TASK STATEMENT → For every entry, reproduce the wording exactly and omit any image it holds.

START RECORD SET

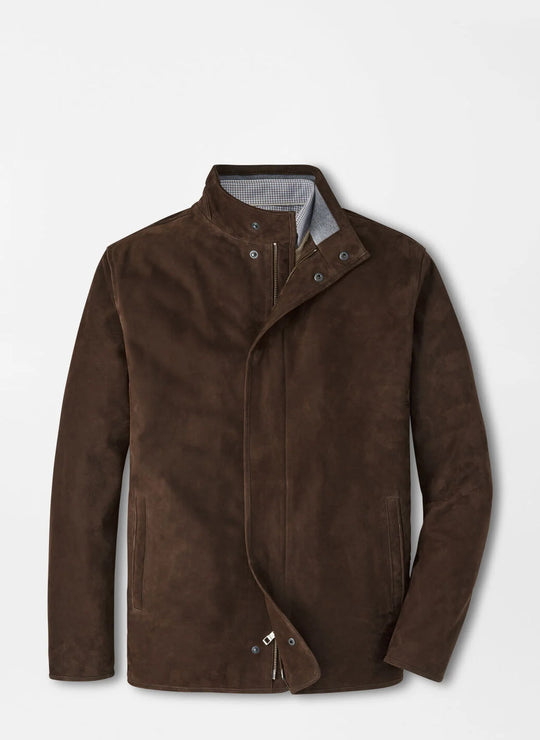Peter Millar Norwalk Nubuck Coat Espresso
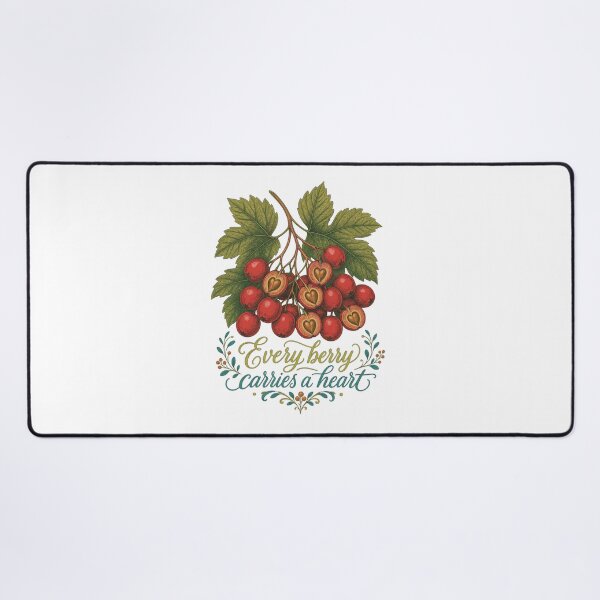 Item preview, Every Berry Carries A Heart Botanical Hawthorn designed and sold by ML-Media.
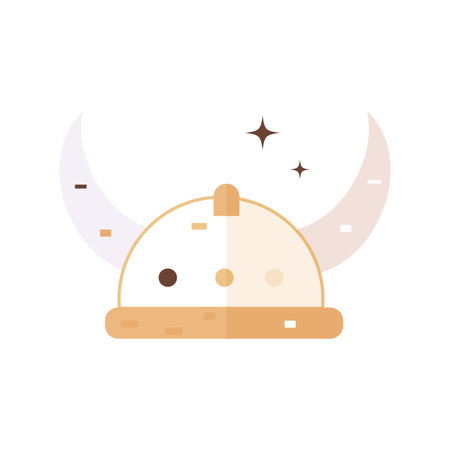 Isolated medieval knight helmet icon Vectorのイラスト素材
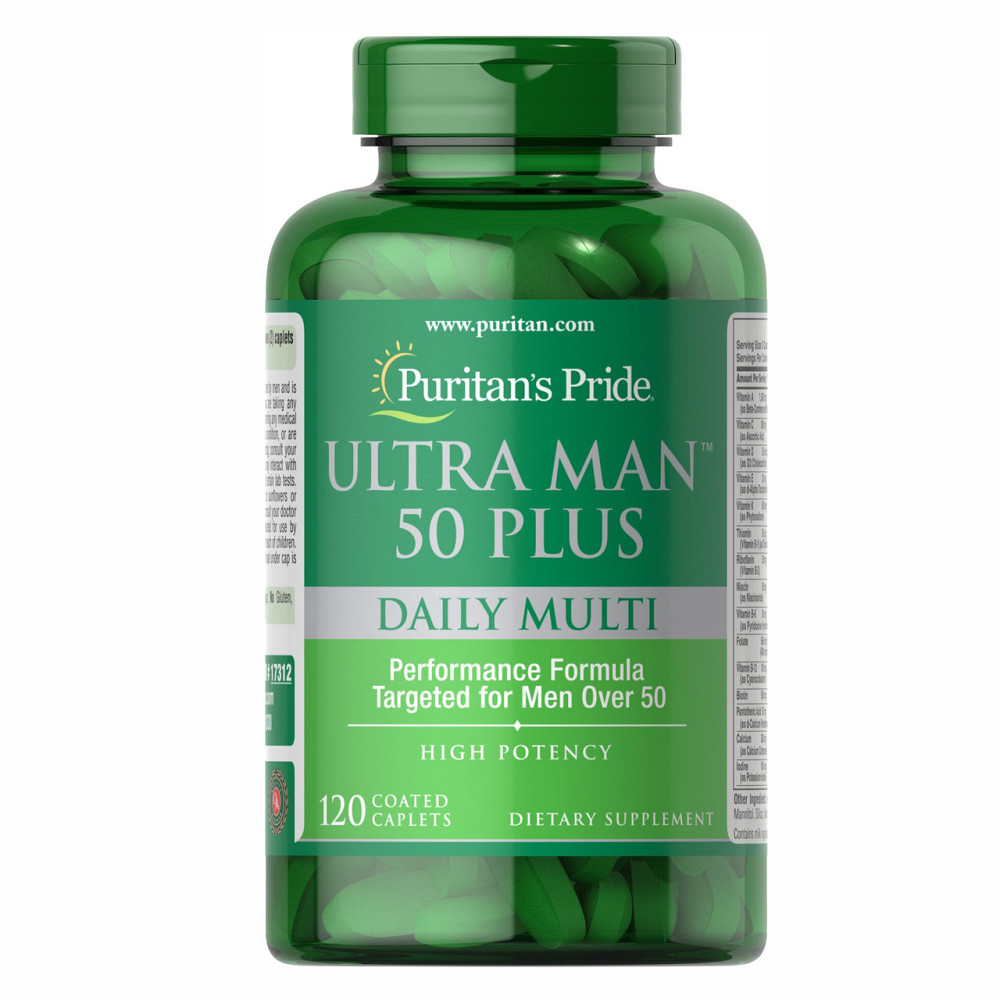 Вітаміни для чоловіків Ultra Man 50 Plus Daily Multi 120 caps Київ - фото 1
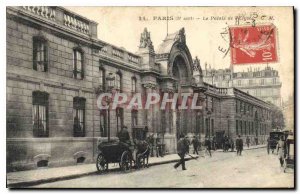 Old Postcard Paris 8 stop the Elysee Palace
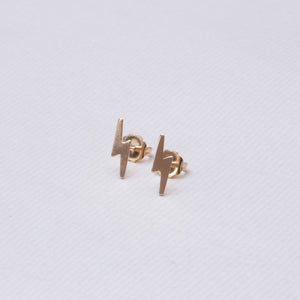 Lightning Bolt Stud Earrings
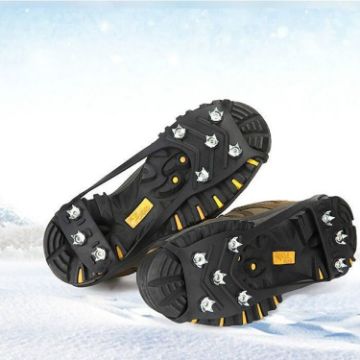 Ice Claw Non-slip Shoe Covers 8 Teeth, Size L40-44 (Black) - 1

END RECORD SET

RESULT →
Peter Millar Norwalk Nubuck Coat Espresso
 Item preview, Every Berry Carries A Heart Botanical Hawthorn designed and sold by ML-Media.
 Isolated medieval knight helmet icon Vectorのイラスト素材
 Вітаміни для чоловіків Ultra Man 50 Plus Daily Multi 120 caps Київ - фото 1
 Old Postcard Paris 8 stop the Elysee Palace
 Lightning Bolt Stud Earrings
 Ice Claw Non-slip Shoe Covers 8 Teeth, Size L40-44 (Black) - 1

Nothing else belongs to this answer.